# CLAUDE.md
This file provides guidance to Claude Code (claude.ai/code) when working with code in this repository.
## What This Repository Is
git-internal is a high-performance Rust library for encoding/decoding Git internal objects and Pack files. It supports large monorepo-scale repositories with delta compression, multi-pack indexing, streaming I/O, and both sync/async APIs.
## Build & Test Commands
```bash
# Build
cargo build
cargo build --release
# Test
cargo test
cargo test <test_name> # Run specific test
cargo test -- --nocapture # Show output
# Lint & Format
cargo fmt # Format code
cargo clippy # Lint (treat warnings as errors for new code)
# Check all targets compile
cargo build --all-targets
```
## Architecture Overview
```
protocol/* (smart/http/ssh)
⇅ pkt-line & pack encode/decode
internal/pack (encode/decode/waitlist/cache/idx)
⇅ consumes/produces Entry+Meta
⇅ internal/object/index/metadata
⇅ delta / zstdelta / diff
hash.rs / utils.rs / errors.rs (shared infrastructure)
```
**Core hub**: `internal/pack` - decodes/encodes packs, manages cache/waitlist/idx, exchanges data with protocol layer and object/delta modules.
**Protocol layer**: `protocol/*` - drives info-refs/upload-pack/receive-pack via pkt-line, uses app-provided `RepositoryAccess` and `AuthenticationService` traits.
**Object model**: `internal/object` - Blob/Tree/Commit/Tag/Note parsing/serialization with `ObjectTrait`.

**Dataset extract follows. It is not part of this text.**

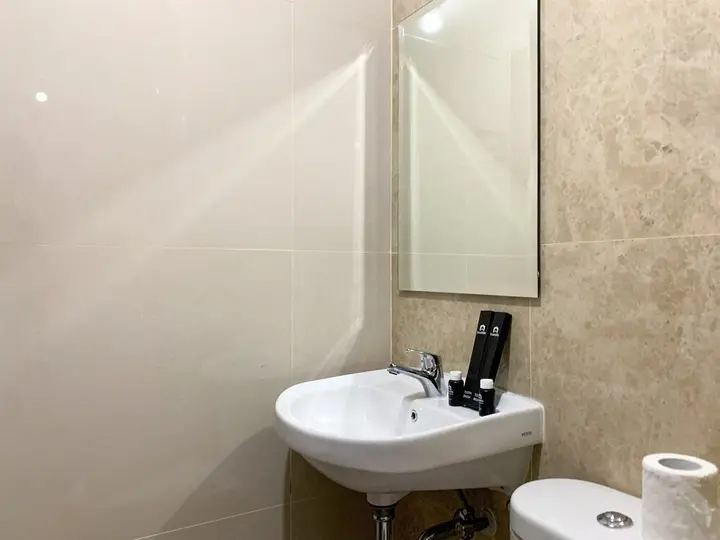 Депок: Minimalist Studio At Transpark Cibubur Apartment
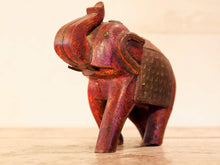 Carica l&#39;immagine nel visualizzatore di Gallery, Scultura elefante ricavata da un unico tronco di teak lavorato con finiture in metallo. Pezzo unico. Dimensioni 7x16 h17cm.   per maggiori info o dettagli info@etniko.it watshapp 0039 3338778241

**Delta/compression**: `delta/` and `zstdelta/` - delta encoding/decoding, zstd dictionary compression.
## Key Data Flows
**Pack Decode**: `Pack::decode(reader, callback)` or `Pack::decode_stream(stream, sender)` for async
- Validates PACK header → loops objects → inflates zlib → resolves delta chains via waitlist → emits `MetaAttached<Entry, EntryMeta>`
**Pack Encode**: `PackEncoder::encode()` or `encode_and_output_to_files()`
- Accepts Entry+Meta → optional delta compression within window → zlib compress → async write pack/idx → rename by hash
**Protocol**: `SmartProtocol` handles Git smart protocol
- upload-pack: parse want/have → `PackGenerator` builds pack stream
- receive-pack: parse commands → decode pack → store via `RepositoryAccess`
## Coding Conventions
- **Language**: Rust Edition 2024, async/await with tokio, tracing for observability
- **Errors**: `thiserror` for library errors, `anyhow` for binaries/tests
- **Style**: rustfmt defaults, clippy warnings as errors for new code
- **Safety**: Avoid `unwrap()`/`expect()` in library code; return `Result<_, _>`
- **Performance**: Use iterators, streaming I/O, bounded allocations in hot paths
- **FFI/unsafe**: Only when required, with `// SAFETY:` comment and tests
## Hash Algorithm
Supports both SHA-1 and SHA-256. Configure via `set_hash_kind(HashKind::Sha1)` at startup. Thread-local setting - set once per application context.
```rust
use git_internal::hash::{set_hash_kind, HashKind};
set_hash_kind(HashKind::Sha1); // or HashKind::Sha256
```
## Concurrency Model
- **ThreadPool**: parallel inflate and delta rebuild during pack decode
- **Tokio**: streaming decode (`decode_stream`), async file writes
- **DashMap**: lock-free waitlist for delta dependencies
- **Rayon**: parallel delta application
- **Cache**: LRU memory + disk spill, 80% of `mem_limit` for object cache
## Key Types to Know
- `Pack` - main pack decoder/encoder entry point
- `Entry` / `EntryMeta` - decoded object with metadata (offset, CRC, path)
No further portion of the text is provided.